Badawi
Akhlak adalah suatu kebiasaan berupa perkataan ataupun perbuatan yang dilakukan tanpa memerlukan pertimbangan terlebih dahulu. Kata akhlak bersifat netral, tidak cenderung kepada hal baik saja atau hal buruk saja. Jika terbiasa melakukan hal yang baik maka akhlak dari orang itu adalah baik, bila terbiasa melakukan hal yang buruk maka akhlak dari orang itu adalah buruk. Namun pada umumnya masyarakat menyebutkan kata akhlak bermakna hal yang baik saja. Dalam Islam dapat disebut sebagai akhlak itu baik atau buruk berdasarkan penjelasan dari Al-Qur’an dan Hadis, selain itu juga dapat berdasarkan etika (akal sehat) dan moral (adat istiadat). Hanya saja penggunaan etika dan moral sebagai tolak ukur bisa menyebabkan perselisihan pendapat tentang penilaian hal baik atau buruk, sebab sifat keduanya yang sangat spekulatif dan subjektif. Sedangkan kebenaran dari Al-Qur’an dan Hadis adalah pasti. Maka antara akhlak, etika dan moral, utamakan akhlak yang bersumber dari Al-Qur’an dan Hadis sebagai tolak ukur dan pedoman kita dalam berbicara dan berbuat.

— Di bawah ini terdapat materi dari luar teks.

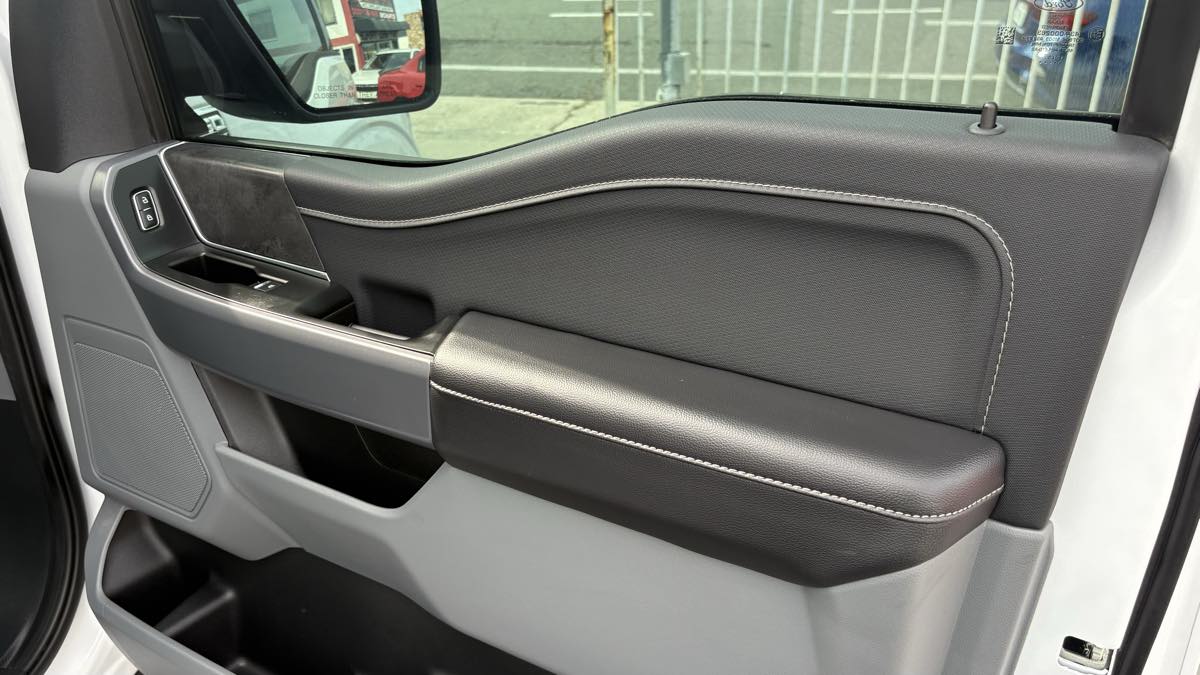 2025 Ford F-150 XLT - Photo 60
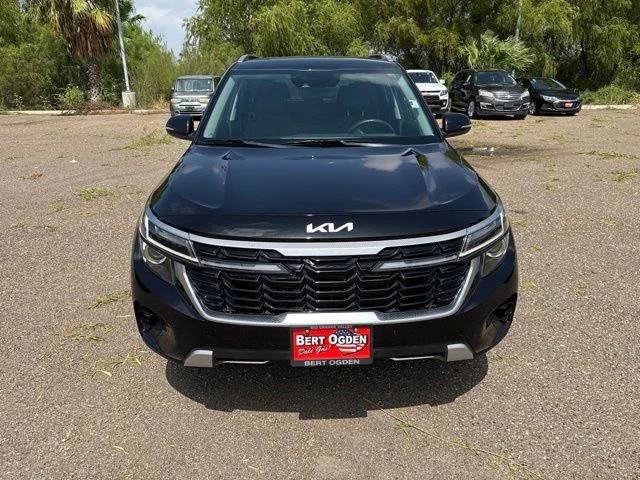 Used 2024 Black Kia S image 2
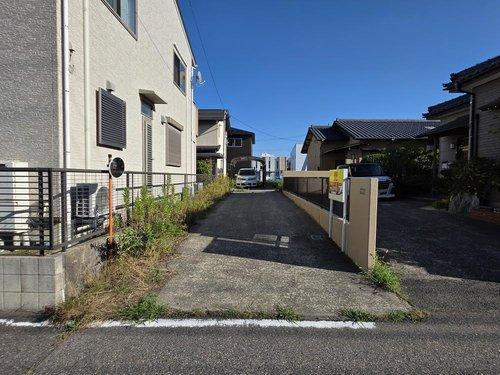 新潟市中央区新和2丁目の前面道路含む現地写真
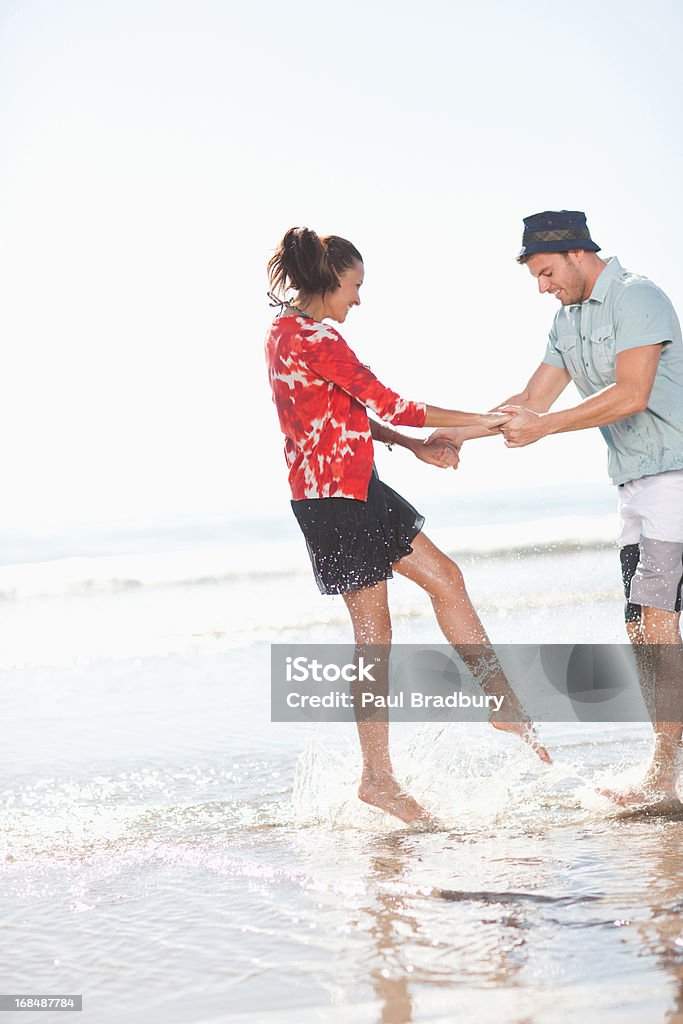 Casal brincando nas ondas na praia - Royalty-free 25-29 Anos Foto de stock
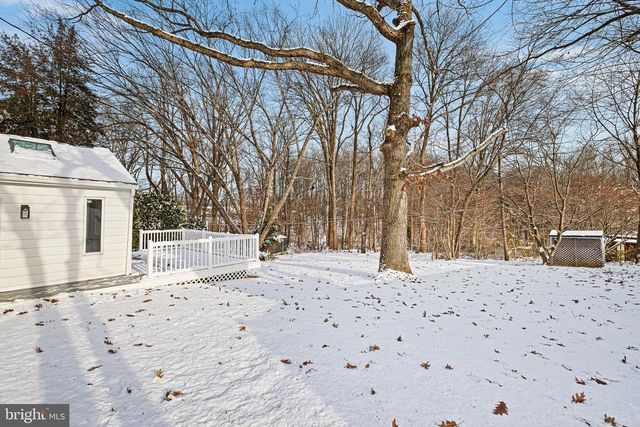 921 FLORA LN, Boothwyn, PA 19061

Lalu bagaimana menerapkannya dalam kehidupan berorganisasi?
Penerapan Akhlak Berorganisasi
Secara bahasa, organisasi adalah dua orang atau lebih yang saling bekerjasama untuk mewujudkan tujuan yang sama. Organisasi memang kumpulan dari orang-orang yang memiliki arah dan target yang sama, hanya saja itu tidak menghilangkan fakta bahwa organisasi terdiri dari individu yang beraneka ragam latar belakangnya. Dengan fakta di atas maka sudah seharusnya orang yang aktif di dunia organisasi harus menguasai “akhlak berorganisasi”, agar dapat terjalin hubungan erat lahir dan batin antar sesama anggota organisasi.
Beberapa bentuk akhlak berorganisasi, di antaranya adalah sebagai berikut :
Pertama, tidak merasa paling benar, jadikan orang lain di organisasi sebagai partner berdiskusi, karena bisa saja pendapat terbaik datang dari orang lain, bukan dari diri sendiri.
Kedua, terbuka dengan semua orang, salah satu masalah mendasar di organisasi adalah adanya kubu atau blok yang saling berlawanan. Kerap kali menjadikan organisasi berjalan lambat atau bahkan berhenti karena adanya kelompok-kelompok kecil, oleh karena itu maka mulailah terbuka dengan semua orang. Tidak hanya yang sepaham namun juga yang berbeda pemahaman.
Ketiga, mendahulukan kepentingan bersama dari pada kepentingan pribadi, ini menjadi penting karena tidak jarang sebagian pihak menjadikan organisasi sebagai jalan untuk mewujudkan ambisi pribadi saja.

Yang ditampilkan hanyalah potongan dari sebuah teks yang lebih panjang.